### Goal of the exercise
Print nothing except the line holding "Morsomt morsekode par armbånd" and the lines that come after it in the material below, and leave the pictures out.

### Records for this exercise
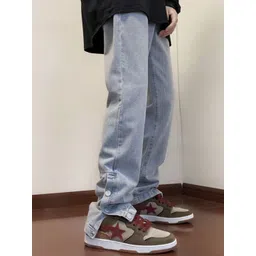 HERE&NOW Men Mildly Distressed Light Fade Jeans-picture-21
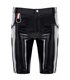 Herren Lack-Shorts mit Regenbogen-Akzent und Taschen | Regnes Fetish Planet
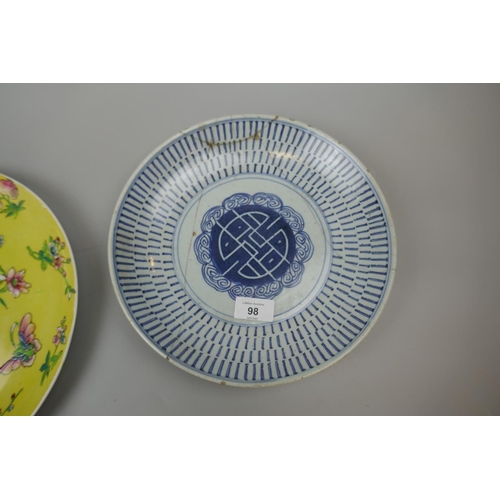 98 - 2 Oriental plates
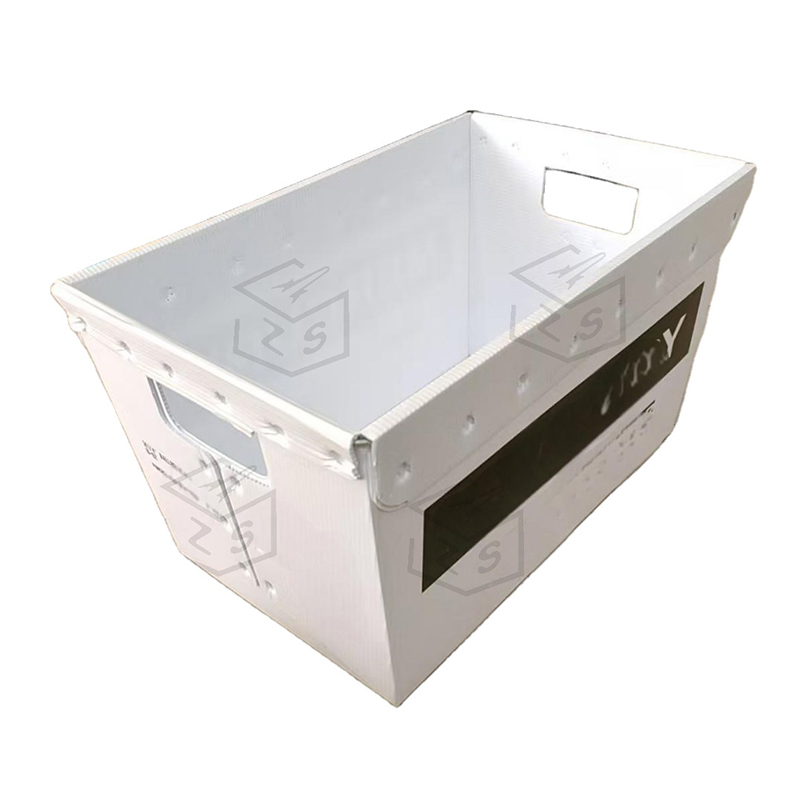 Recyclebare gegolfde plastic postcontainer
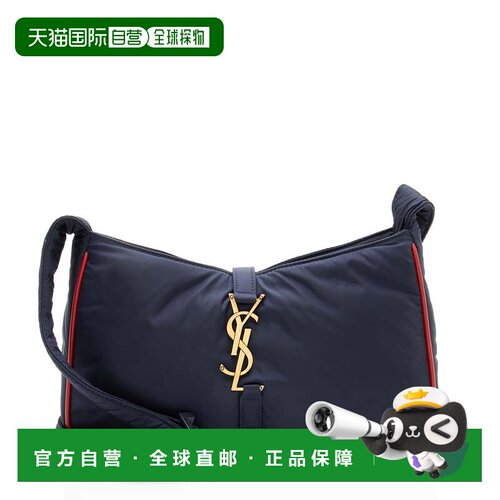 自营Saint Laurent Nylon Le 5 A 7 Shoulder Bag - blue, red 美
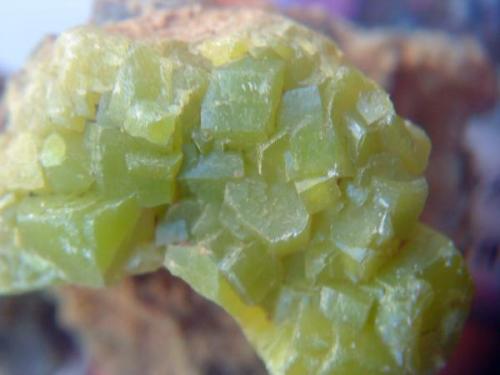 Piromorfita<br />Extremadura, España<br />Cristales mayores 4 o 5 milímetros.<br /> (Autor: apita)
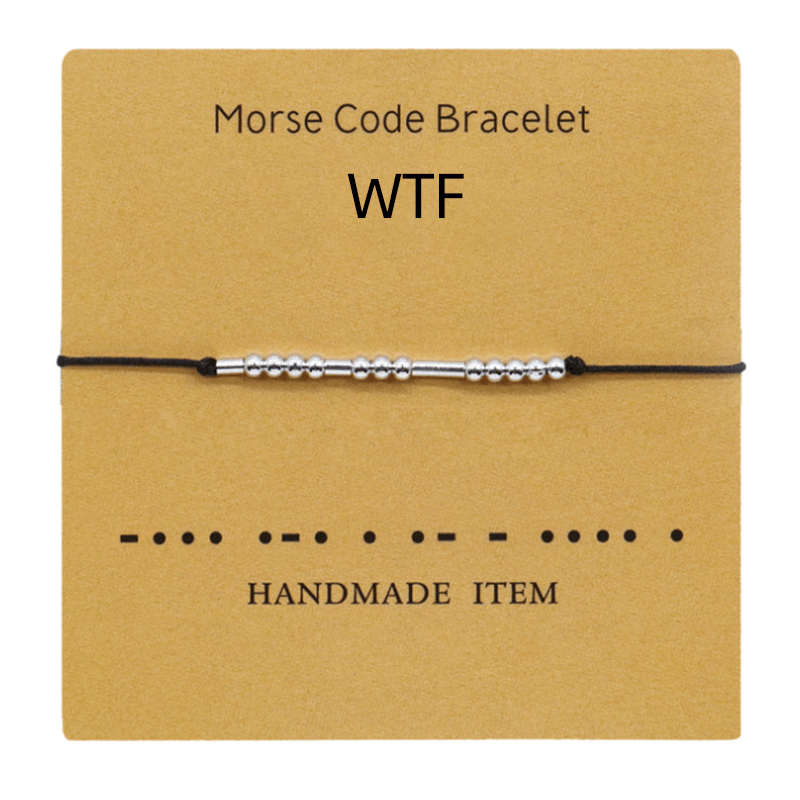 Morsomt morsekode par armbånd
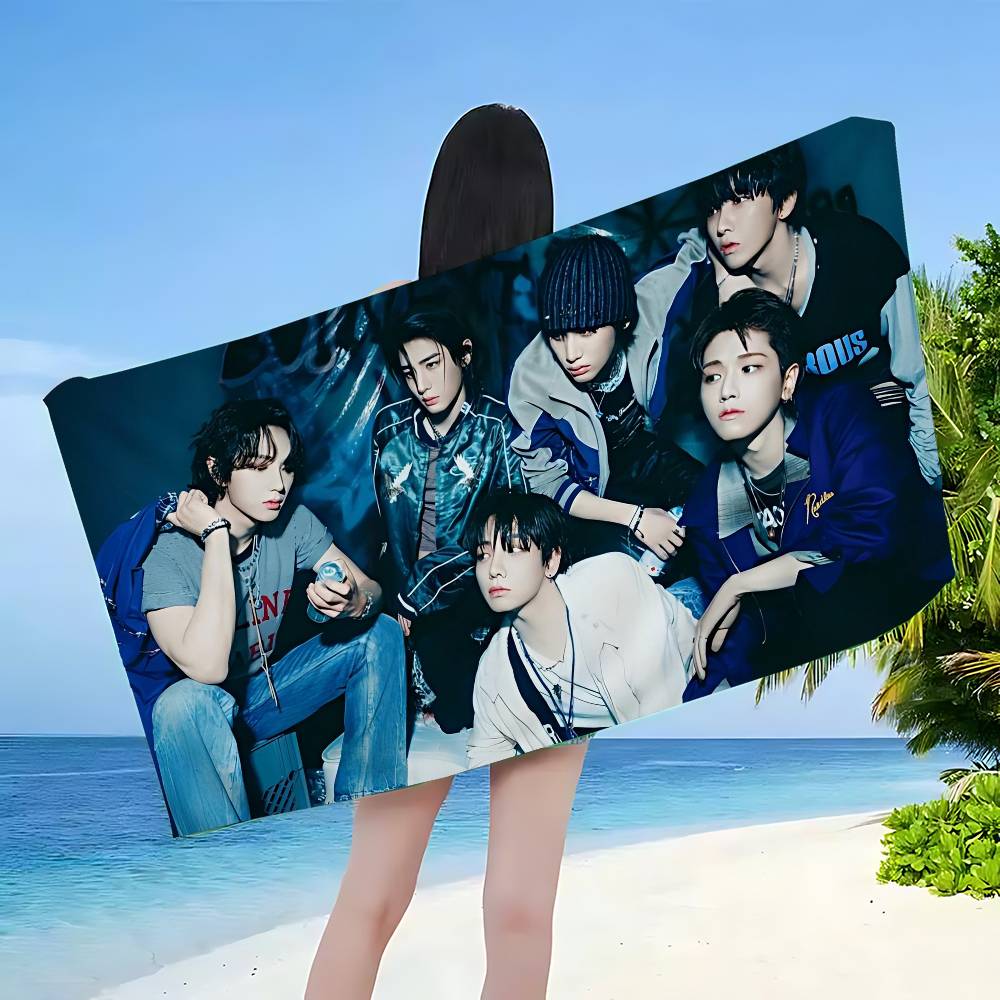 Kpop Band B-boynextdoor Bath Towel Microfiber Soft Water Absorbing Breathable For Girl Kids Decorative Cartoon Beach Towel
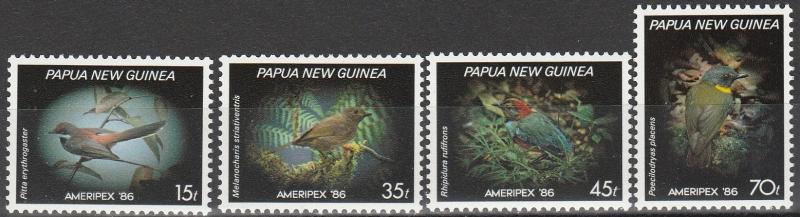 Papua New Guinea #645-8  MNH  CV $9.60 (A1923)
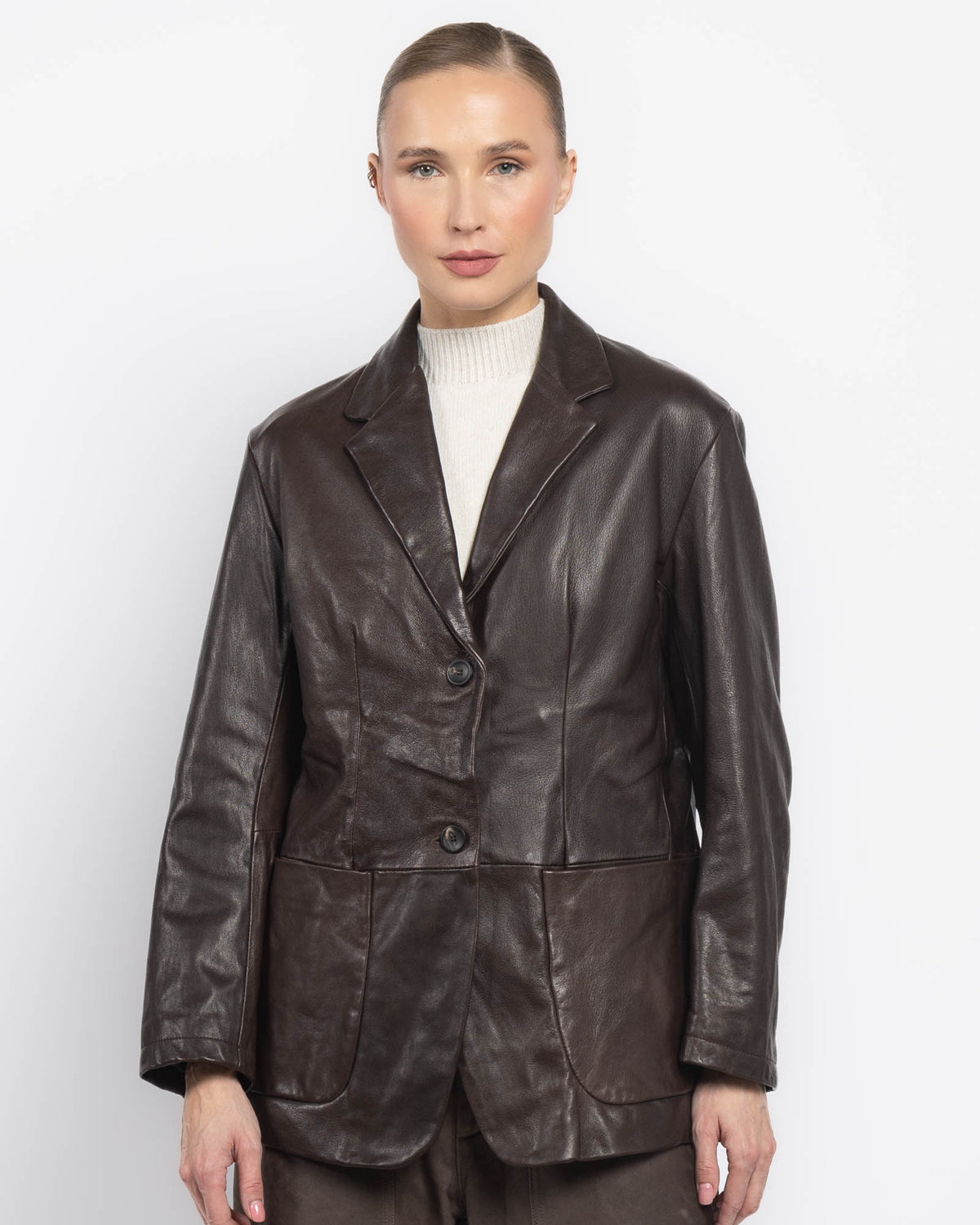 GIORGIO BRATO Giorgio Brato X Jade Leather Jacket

### Result of this exercise
 Morsomt morsekode par armbånd
 Kpop Band B-boynextdoor Bath Towel Microfiber Soft Water Absorbing Breathable For Girl Kids Decorative Cartoon Beach Towel
 Papua New Guinea #645-8  MNH  CV $9.60 (A1923)
 GIORGIO BRATO Giorgio Brato X Jade Leather Jacket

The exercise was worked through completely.